• _ACTIVITY_
Output only the lines below from the one containing "Tenda腾达路由器【狂暴W" to the one containing "Momfluencer Chapter 18 - page 21", exactly as written, both ends kept.

• _INFORMATION_
•••

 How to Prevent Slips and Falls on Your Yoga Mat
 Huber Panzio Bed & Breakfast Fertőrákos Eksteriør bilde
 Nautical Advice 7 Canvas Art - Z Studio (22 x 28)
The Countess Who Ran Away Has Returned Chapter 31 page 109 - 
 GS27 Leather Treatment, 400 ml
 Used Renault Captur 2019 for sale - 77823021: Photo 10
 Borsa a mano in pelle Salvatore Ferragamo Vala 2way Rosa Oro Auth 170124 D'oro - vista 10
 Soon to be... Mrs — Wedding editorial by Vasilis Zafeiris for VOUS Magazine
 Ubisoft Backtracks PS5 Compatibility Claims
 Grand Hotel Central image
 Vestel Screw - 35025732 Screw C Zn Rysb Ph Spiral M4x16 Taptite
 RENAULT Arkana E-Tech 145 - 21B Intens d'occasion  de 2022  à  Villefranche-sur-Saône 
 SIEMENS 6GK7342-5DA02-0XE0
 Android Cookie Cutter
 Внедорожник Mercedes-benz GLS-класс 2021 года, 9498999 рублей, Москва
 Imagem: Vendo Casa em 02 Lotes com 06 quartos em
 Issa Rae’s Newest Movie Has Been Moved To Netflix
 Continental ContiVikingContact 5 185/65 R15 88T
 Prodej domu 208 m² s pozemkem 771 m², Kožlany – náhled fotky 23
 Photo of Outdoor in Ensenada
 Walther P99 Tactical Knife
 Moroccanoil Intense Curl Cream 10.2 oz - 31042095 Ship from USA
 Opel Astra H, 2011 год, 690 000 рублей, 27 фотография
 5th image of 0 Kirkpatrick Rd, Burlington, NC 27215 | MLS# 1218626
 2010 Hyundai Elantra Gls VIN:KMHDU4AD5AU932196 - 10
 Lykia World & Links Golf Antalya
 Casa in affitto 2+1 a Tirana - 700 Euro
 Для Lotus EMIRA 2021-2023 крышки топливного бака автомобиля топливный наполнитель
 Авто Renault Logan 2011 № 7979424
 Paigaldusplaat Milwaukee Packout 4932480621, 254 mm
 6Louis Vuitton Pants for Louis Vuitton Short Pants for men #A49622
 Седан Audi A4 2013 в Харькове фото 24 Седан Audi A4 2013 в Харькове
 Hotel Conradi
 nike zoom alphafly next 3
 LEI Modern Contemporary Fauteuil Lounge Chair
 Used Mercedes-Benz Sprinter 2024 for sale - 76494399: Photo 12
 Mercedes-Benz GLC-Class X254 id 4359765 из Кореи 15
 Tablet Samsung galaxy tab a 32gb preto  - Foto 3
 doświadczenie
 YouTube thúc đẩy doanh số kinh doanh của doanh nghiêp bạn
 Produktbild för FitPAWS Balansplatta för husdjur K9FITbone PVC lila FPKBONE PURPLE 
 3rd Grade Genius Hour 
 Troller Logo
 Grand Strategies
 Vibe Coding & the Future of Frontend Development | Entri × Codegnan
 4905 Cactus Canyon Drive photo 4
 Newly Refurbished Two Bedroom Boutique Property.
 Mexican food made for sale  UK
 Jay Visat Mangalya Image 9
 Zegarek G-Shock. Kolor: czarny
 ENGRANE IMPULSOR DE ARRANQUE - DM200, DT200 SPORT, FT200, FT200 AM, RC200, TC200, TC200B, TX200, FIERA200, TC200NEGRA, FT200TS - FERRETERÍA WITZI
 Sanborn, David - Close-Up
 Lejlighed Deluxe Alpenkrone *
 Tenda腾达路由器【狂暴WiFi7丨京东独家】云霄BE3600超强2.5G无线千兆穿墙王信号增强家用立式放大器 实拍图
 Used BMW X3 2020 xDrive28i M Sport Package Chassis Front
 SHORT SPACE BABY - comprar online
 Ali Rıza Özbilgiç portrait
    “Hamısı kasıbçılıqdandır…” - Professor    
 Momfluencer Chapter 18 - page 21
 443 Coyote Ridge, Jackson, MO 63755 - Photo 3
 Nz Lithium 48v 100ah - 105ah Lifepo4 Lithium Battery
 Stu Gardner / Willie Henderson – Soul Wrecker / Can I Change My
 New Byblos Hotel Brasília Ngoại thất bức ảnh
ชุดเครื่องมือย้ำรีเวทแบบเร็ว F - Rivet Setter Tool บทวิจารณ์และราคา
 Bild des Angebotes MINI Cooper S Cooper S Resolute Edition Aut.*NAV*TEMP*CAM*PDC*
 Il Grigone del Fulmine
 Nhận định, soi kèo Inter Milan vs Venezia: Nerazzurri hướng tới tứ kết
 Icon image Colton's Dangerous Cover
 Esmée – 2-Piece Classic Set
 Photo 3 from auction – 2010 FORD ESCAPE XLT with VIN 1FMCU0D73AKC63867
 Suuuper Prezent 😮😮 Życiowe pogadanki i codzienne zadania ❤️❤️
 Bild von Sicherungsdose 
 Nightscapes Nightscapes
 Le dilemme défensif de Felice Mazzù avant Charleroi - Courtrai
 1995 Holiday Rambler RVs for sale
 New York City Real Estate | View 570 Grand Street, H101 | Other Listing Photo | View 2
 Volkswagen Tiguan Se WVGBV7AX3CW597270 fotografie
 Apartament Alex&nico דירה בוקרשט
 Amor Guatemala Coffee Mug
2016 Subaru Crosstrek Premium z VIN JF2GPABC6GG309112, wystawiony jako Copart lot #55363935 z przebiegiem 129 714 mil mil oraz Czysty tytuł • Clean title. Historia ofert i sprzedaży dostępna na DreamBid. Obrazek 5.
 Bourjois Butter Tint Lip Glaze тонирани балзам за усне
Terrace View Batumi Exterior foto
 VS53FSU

•••

• _EXERCISE SOLUTION_
 Tenda腾达路由器【狂暴WiFi7丨京东独家】云霄BE3600超强2.5G无线千兆穿墙王信号增强家用立式放大器 实拍图
 Used BMW X3 2020 xDrive28i M Sport Package Chassis Front
 SHORT SPACE BABY - comprar online
 Ali Rıza Özbilgiç portrait
    “Hamısı kasıbçılıqdandır…” - Professor    
 Momfluencer Chapter 18 - page 21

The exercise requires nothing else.